I wouldn’t blame you if you hadn’t heard of Song Mao, I hadn’t either.
When thinking of Song Mao, I imagine a typical rural village. My mind paints a scene of a thinly paved road sweeping between a chorus of rickety stores lining either side. A rice paddy worker silhouetted against a setting sun off into the distance. I see older Vietnamese grandmothers returning home from a day at the market, weaving through a sea of people on their bikes with all the grace and ease of Olympic cyclists. I imagine a playful din of chatter coming from a slow-moving crowd, a sustained rhythm of honks and beeps emanating from the passing road traffic, smells from grilled meat soaked in lime and chilli, and I realise I’ve likely painted an image familiar of any south-east Asian village, but one far-flung from the concrete and industry of the western world.
Google maps isn’t the best tool to help place Song Mao, but my mom says my mind’s eye is painting an accurate picture of it. Song Mao is a small but peculiar rural village east of Saigon. Peculiar in the sense that Song Mao, whilst similar to many other Vietnamese villages, is home to a community of ethnically Chinese people to which my mom was a part of. She recounts that she only spoke Cantonese growing up and had little to no exposure of the wider Vietnamese area let alone the language spoken by the majority of her countrymen and women. A Chinese migrant in her country of birth, with little formal education and even less money.
She tells me a story about her childhood which not only encapsulates the economic poverty of the time but also speaks to a deeper understanding of what it means to leave home.
When she was younger, my mom was sent to live with family friends in another village as her parents (my grandparents) struggled to feed her. These family friends, obvious strangers to my mom, took her in but they contended with their own economic issues and had my mom work in their crop fields to contribute to her living there, labouring away as she was bullied by their older sons.
She remembers an instance of the sons, lumbered with the responsibility of watching over this measly child, leaving her in the crop fields as they left to go home. In the dark of night, my mom was forced to find her own way back home, a story she recalls with humour and an air of aloofness, but one that strikes deep at my heart to hear.

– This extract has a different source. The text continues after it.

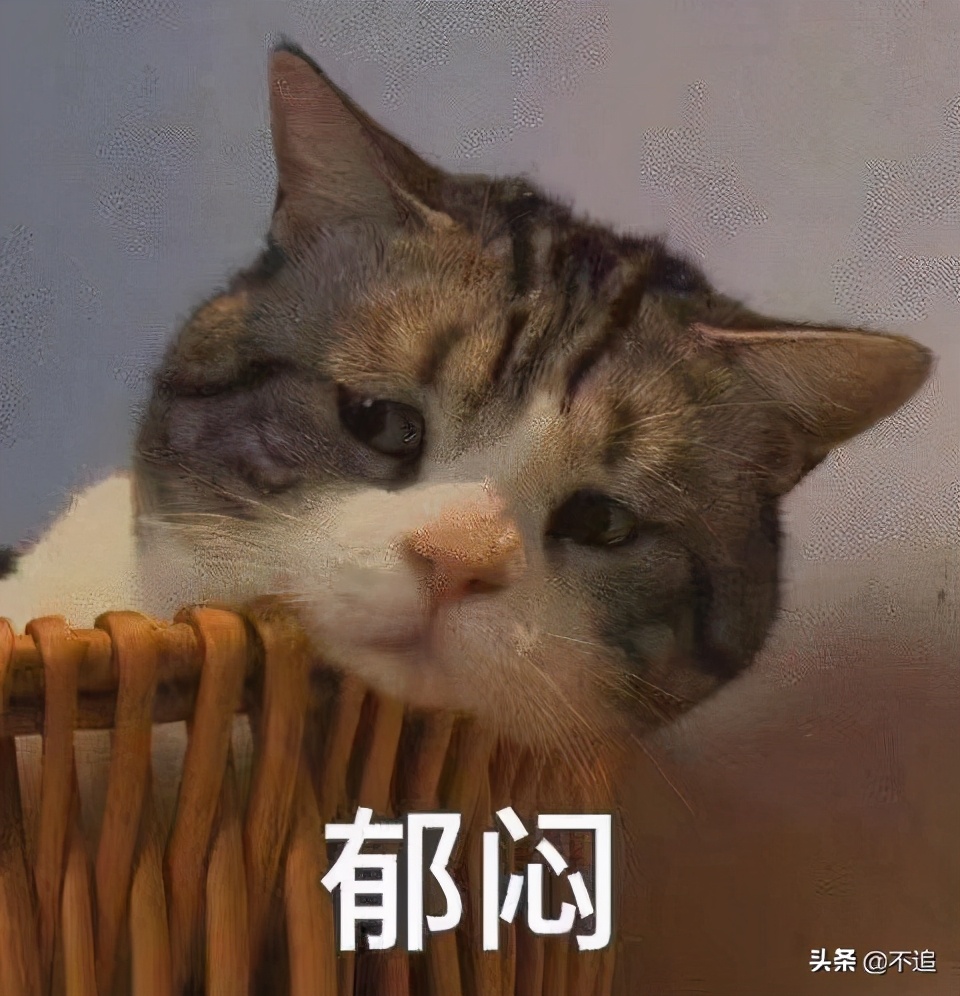 说点干唇不想听的，有的网红唇膏，真不一定好用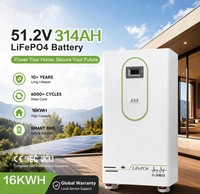 Baterai Penyimpanan Energi Surya LiFePO4 51.2V 100Ah 230Ah 314Ah Dengan Kontrol Jarak Jauh Aplikasi BMS Pintar Paket Daya Lithium Iron Phosphate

But she goes on. She tells me that her father, my grandfather, would visit her, taking a long bus ride which separated the two villages. He would leave early in the morning to visit my mom, spend time with her and his friends, and leave in the evening to catch the same bus back. My mom recalls that there was no actual schedule for this bus, her dad would trek back to the bus station and likely wait hours to see if the bus would come. If it didn’t, he would head back to the friend’s house and try again the next day. During one visit, the bus didn’t come for a few days. Great for my mom as she got to spend more time with her dad and lament him with her desire to return home.
The next day, my mom, teary-eyed, begged her dad to let her at least accompany him to the bus station to say goodbye. They would silently walk together to the station and wait for the bus, thinking they would be saying goodbye to each other for a while.
The bus would actually come this time. Almost serendipitously. She can’t remember the conversation which ensued but as the bus doors opened, my grandfather would take my mom back with him, paving her way back home only for her to wind up in a random town in Northern Ireland.
It’s difficult to empathise with a story like this as a first-generation migrant who has lived in relative comfort. Like many migrant parents who ascribe to the adage of working hard to give their kids the life they didn’t have, I could never truly appreciate the complexities of migration and the jarring experience of finding yourself in a world drastically different from one that you know. My mom was 16 when she left her country of birth, and younger when she had to leave her family, even if temporarily.
I look at my mom now, powerful and independent, shaped by her experience not just as a refugee, but as a child who pierced a cultural veil to carve out a new home in a new world.
I appreciate that my mom’s story isn’t unique by any margin. I’m sure any migrant or refugee of any background reading this can find a strand of relativeness. There is a unique strength owed to the refugee community in overcoming past and present barriers. I look at my own experience and contrast this with where my mom was, and what she came to be, and it’s a strange and humbling feeling when confronted by our own privilege.
I am not just the child of a refugee. I am the ungrateful child of parents who had surmounted the greatest odds.